Speaking Guide

CELPIP Speaking Task 3: Picture Description (CLB 9 Sample Answer)

Last updated: June 2026

By Mark Wilson · Updated June 2026

Task 3 at a glance

You see a photograph and must describe it for 30–45 seconds. You have 30 seconds of preparation time. This task tests your descriptive vocabulary, spatial language, and ability to infer meaning from visual context.

What scorers are looking for in Task 3

Most test-takers describe only what is literally visible. CLB 9 responses go further — they describe location, action, emotion, and inference. Scorers are assessing:

Coherence: Does your description follow a logical order (e.g. background → foreground → specific detail)?
Vocabulary: Do you use precise spatial language ("in the foreground", "to the left of", "partially obscured by") and descriptive adjectives?
Task Fulfillment: Do you fill the full speaking time without long pauses?

The 4-part structure for Task 3

Setting (2–3 sentences)

Where is this? Indoors or outdoors? What time of day, season, or type of location? 'This image appears to show an outdoor market on what looks like a sunny afternoon.'

Background (2 sentences)

What is in the background? Buildings, landscape, other people? Use spatial language: 'In the background, there are several stalls with colourful canopies.'

Foreground and main subjects (3–4 sentences)

This is the core of your response. Describe the main people or objects. Include actions, estimated ages, clothing if visible, and expressions.

Inference (1–2 sentences)

What might be happening? Why are these people here? 'It appears that the two women are friends who have met at the market, possibly looking for fresh produce.' Inference shows language range.

CLB 9 sample answer

Image description: A busy indoor shopping mall. In the background, several shops are visible with lit signs. In the foreground, two women are sitting on a bench looking at shopping bags. One woman appears to be in her 30s wearing a red jacket; the other is younger, in a grey coat. Both are smiling.

Sample response — CLB 9 level (~40 seconds)

"This image shows the interior of a large, busy shopping mall. In the background, I can see a number of retail stores with brightly lit signs and displays, suggesting this is a popular commercial centre.

In the foreground, two women are seated together on a bench.

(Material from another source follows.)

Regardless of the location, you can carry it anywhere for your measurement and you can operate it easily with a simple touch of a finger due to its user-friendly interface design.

The woman on the left appears to be in her early to mid-thirties and is wearing a red jacket. She is holding several shopping bags on her lap. The woman to her right is somewhat younger, dressed in a light grey coat, and is also holding bags. Both women are smiling and appear to be engaged in a conversation.

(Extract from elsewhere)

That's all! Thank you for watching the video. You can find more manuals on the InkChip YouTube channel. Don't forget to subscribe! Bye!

Based on what I can see, it looks as though the two women have spent some time shopping together and are taking a short break. The relaxed body language and smiles suggest they are enjoying themselves and are likely friends or family members on a shopping outing."

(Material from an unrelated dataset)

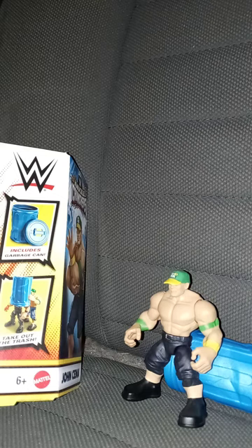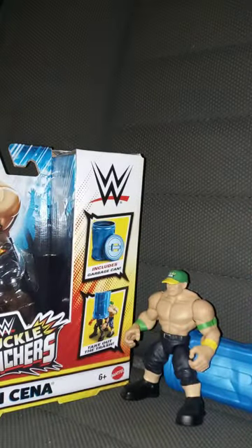So this unboxing plus review is going to get 100 out of 100. There is a Series 2, which includes Sheamus, Bobby Lashley, Cody Rhodes, and Stone Cold Steve Austin. And this one is just including, like I said, Seth Rollins — that's the one I really want to get — The Rock, and Roman Reigns. The only one I really want the most is Seth Rollins. Anyway, guys, like, comment, subscribe.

Spatial vocabulary to learn before the test

These phrases signal a CLB 9+ response when used correctly:

"In the foreground / background / middle ground"
"To the left/right of", "directly behind", "partially obscured by"
"It appears that", "based on what I can see", "it looks as though"
"Approximately", "what appears to be", "presumably"
"Facing toward / away from the camera"
"In what appears to be a [indoor/outdoor/urban/rural] setting"

Preparation time strategy (30 seconds)

Use the 30 seconds to scan the image in order: top-left to bottom-right. Mentally note: (1) setting type, (2) main subjects and their positions, (3) one specific detail like clothing or expression, (4) one inference you can make. Do not write full sentences — just keywords. Your spoken response should flow naturally, not sound like you are reading notes.

Common mistakes in Task 3

Listing without describing. "There is a woman. There are shops. There are bags." — this is CLB 6 at best. Connect observations with spatial context and inference.
Stopping early. Silence in the final 10 seconds costs marks for Task Fulfillment. If you have covered the main content, move to inference or speculate about what happened before or after the scene.
Starting with "I see". It is grammatically correct but monotonous. Open with the setting instead: "This image appears to show..."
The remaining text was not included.